• süleyman efendi hz. kimdir?

    süleyman efendi, (kuddise sirruh) bir zamanlar bizim sınırlarımız içindeyken şimdi bulgaristan sınırlarında kalan silistre’de 1888’de (hicrî 1304) dünyaya geldi. hocazâdeler olarak anılan ailesi, fatih’in kız kardeşiyle evlendirildiği için fatih’in eniştesi olan ve tuna boylarına “tuna hanı” olarak tayin edilen idris bey’e dayanır...

    bir medrese âlimi olan babası osman efendi, süleyman efendi’yi önce kendisi okuttuktan sonra, o zamanın ilim merkezi olan istanbul’a gönderir. istanbul’a gelen süleyman efendi hz., devrin meşhur âlimlerinden ilim öğrenip icazetini alır. sonra, süleymaniye medresesi tefsir ve hadis şubesine girip birincilikle mezun olur. ayrıca giriş imtihanını birincilikle kazandığı medresetül kuzat’tan (hukuk fakültesi’nden) de mezun olarak devrinin en yüksek ilimlerini elde etmiş olur.

    tasavvufa hususî bir meyli bulunduğundan, ikinci binin müceddidi (yenileyicisi) imam-ı rabbâni hz.’nin yolunu devam ettiren selâhaddin ibni mevlânâ sirâcüddin hz.’ne bağlanır ve onun tarafından kendisine manevî irşad salâhiyeti verilir.

    madden ve manen yetişmiş olan bu mübarek zatın en büyük emeli, almış olduğu maddî ve manevî ilimleri ehil olanlara aktarmaktır. bu düşünceyle, bir vaiz olarak bir taraftan istanbul’un büyük camilerinde yaptığı va’zlarla yetişkinleri irşada çalışırken, diğer taraftan da talebe yetiştirmeye çalışır.

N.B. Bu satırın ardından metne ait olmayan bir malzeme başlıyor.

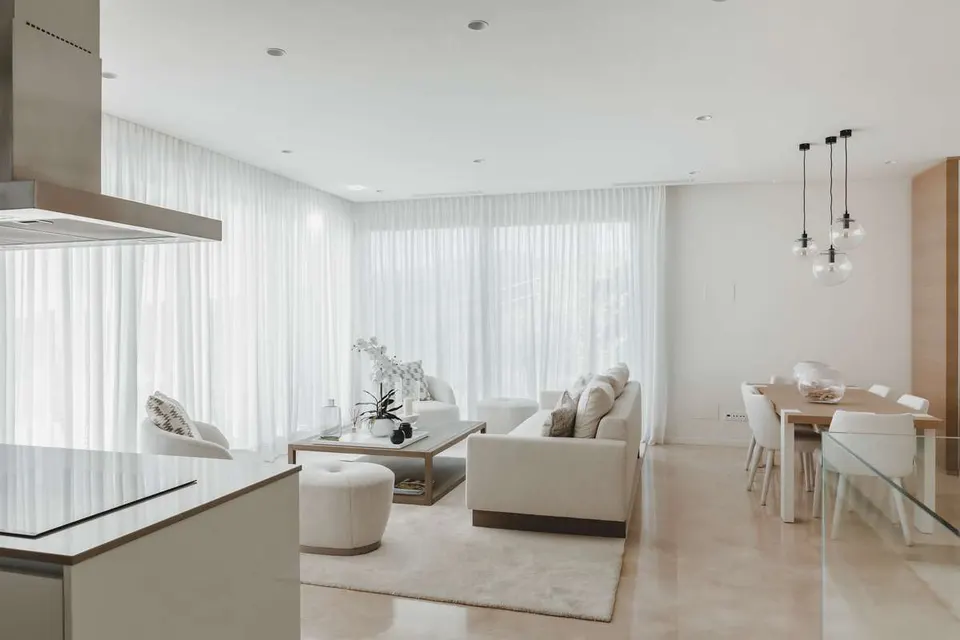 Apartament z tarasem w Benahavís — zdjęcie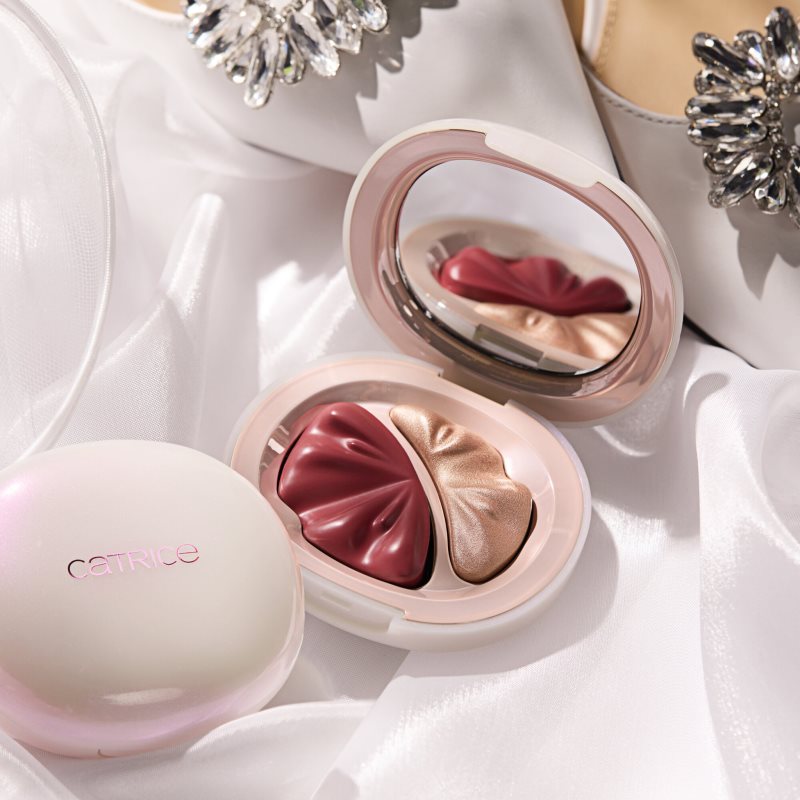 Catrice Brides & Besties lícenka s rozjasňovačom odtieň C02 Glow Down The Aisle 8.5 g (obrázok 4)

    ne var ki, o günkü vaziyet buna hiç müsait değildir. tevhid-i tedrisat kanunu çıkmış, medreseler kapatılmış, eskisi gibi dinî ilimler okutulamaz olmuştur. üstelik, okutanları şiddetli ceza beklemektedir.

    süleyman efendi hz., okuduğu ilimlerin unutulmasından korkmakta ve bu ilimlerin unutulmaması için kendisini vazifeli görmektedir. dolayısıyla, aldığı maddî ve manevî ilimleri, ehli olanlara aktarmak emelindedir.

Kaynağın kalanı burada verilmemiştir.